# [Data for processing]

■ ■ ■ ■ ■ ■ ■

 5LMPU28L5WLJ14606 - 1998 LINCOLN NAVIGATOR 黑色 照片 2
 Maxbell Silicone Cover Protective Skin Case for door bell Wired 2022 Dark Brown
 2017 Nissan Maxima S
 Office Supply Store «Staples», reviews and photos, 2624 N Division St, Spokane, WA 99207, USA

■ ■ ■ ■ ■ ■ ■

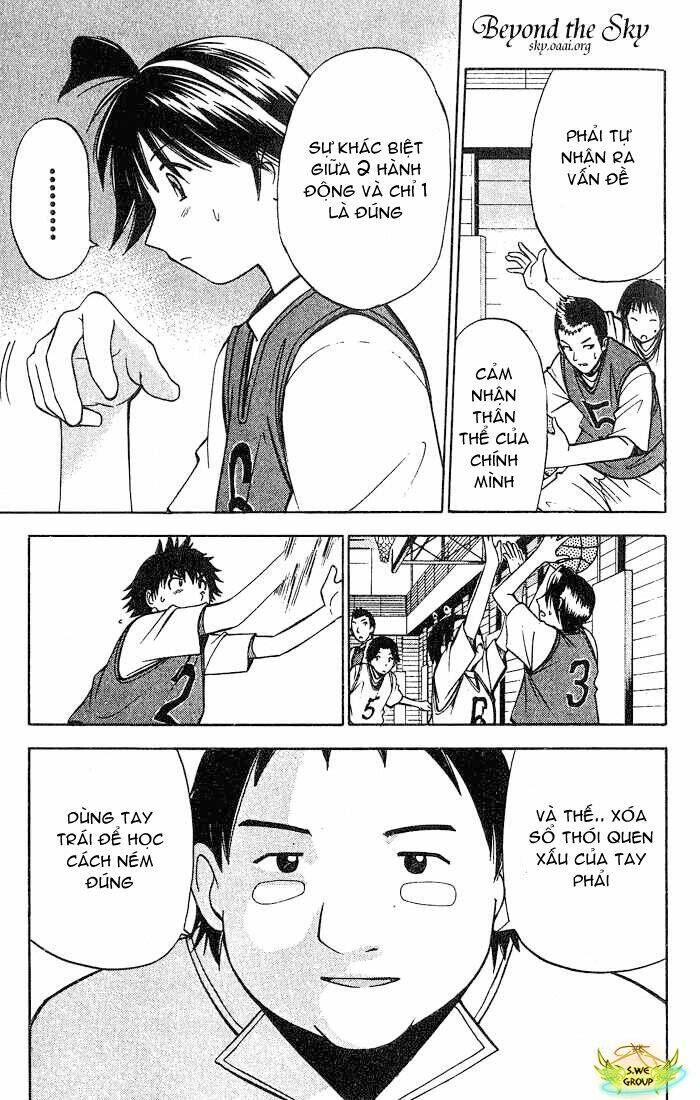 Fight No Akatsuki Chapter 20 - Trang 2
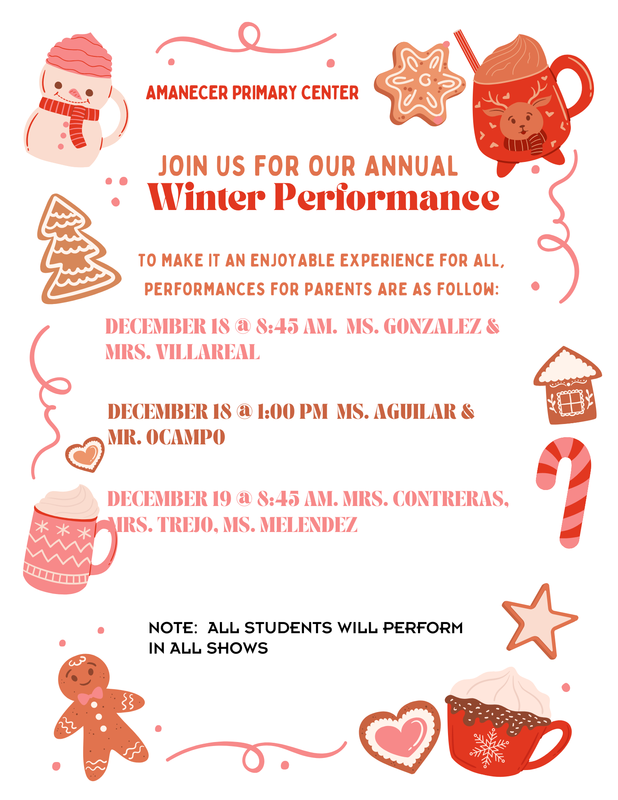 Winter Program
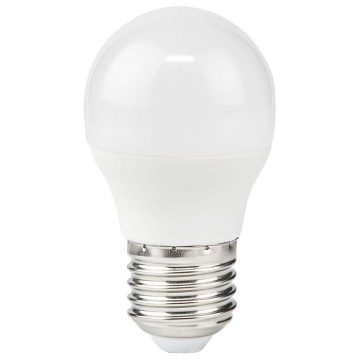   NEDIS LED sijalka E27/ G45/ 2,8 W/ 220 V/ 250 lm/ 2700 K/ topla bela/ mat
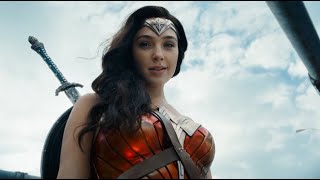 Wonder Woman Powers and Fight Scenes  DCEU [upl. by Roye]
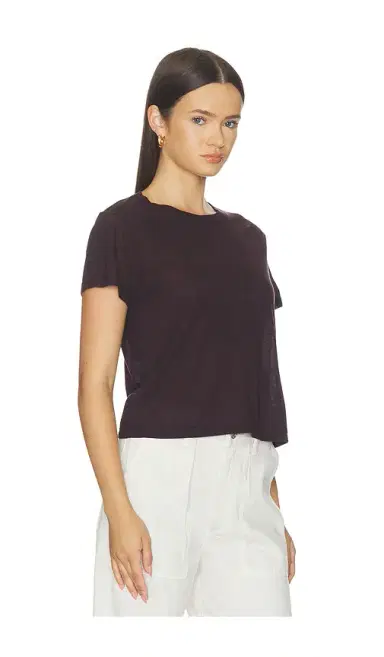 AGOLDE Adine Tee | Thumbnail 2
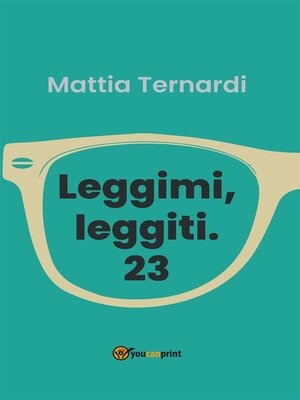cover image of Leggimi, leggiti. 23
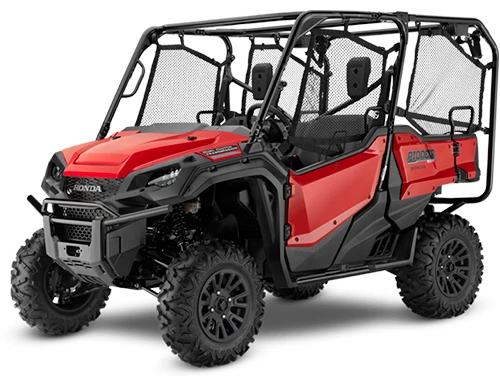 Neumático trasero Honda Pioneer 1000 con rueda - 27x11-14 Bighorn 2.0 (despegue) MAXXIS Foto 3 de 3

■ ■ ■ ■ ■ ■ ■

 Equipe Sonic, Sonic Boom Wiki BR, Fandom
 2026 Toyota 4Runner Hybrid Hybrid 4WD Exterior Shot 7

■ ■ ■ ■ ■ ■ ■

# [Description of the task]
Above are the entries. Output exactly the lines beginning with the line that has "2017 Nissan Maxima S" and ending with the line that has "Office Supply Store".

# [Answer space]
 2017 Nissan Maxima S
 Office Supply Store «Staples», reviews and photos, 2624 N Division St, Spokane, WA 99207, USA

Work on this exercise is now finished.